**What the task asks**.
From the line that contains "Россиянин Бетербиев защитил" to the last line of the records below, copy everything exactly, both ends included.

**Task input**.
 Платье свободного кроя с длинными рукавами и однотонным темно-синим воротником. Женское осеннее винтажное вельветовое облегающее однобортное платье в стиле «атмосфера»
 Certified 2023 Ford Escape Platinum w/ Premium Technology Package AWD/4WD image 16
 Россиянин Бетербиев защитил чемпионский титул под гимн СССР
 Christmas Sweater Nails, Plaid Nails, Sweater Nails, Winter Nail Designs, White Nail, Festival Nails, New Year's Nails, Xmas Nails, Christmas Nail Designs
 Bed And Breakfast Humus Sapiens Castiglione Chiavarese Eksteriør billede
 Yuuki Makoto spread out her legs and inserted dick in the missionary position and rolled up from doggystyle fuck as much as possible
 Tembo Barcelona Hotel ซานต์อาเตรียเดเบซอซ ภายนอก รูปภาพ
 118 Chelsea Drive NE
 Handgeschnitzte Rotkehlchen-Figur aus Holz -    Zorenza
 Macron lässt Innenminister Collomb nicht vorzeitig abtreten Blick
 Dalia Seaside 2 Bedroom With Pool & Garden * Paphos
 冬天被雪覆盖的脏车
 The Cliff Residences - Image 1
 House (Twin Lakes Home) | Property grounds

**Response to the task**.
 Россиянин Бетербиев защитил чемпионский титул под гимн СССР
 Christmas Sweater Nails, Plaid Nails, Sweater Nails, Winter Nail Designs, White Nail, Festival Nails, New Year's Nails, Xmas Nails, Christmas Nail Designs
 Bed And Breakfast Humus Sapiens Castiglione Chiavarese Eksteriør billede
 Yuuki Makoto spread out her legs and inserted dick in the missionary position and rolled up from doggystyle fuck as much as possible
 Tembo Barcelona Hotel ซานต์อาเตรียเดเบซอซ ภายนอก รูปภาพ
 118 Chelsea Drive NE
 Handgeschnitzte Rotkehlchen-Figur aus Holz -    Zorenza
 Macron lässt Innenminister Collomb nicht vorzeitig abtreten Blick
 Dalia Seaside 2 Bedroom With Pool & Garden * Paphos
 冬天被雪覆盖的脏车
 The Cliff Residences - Image 1
 House (Twin Lakes Home) | Property grounds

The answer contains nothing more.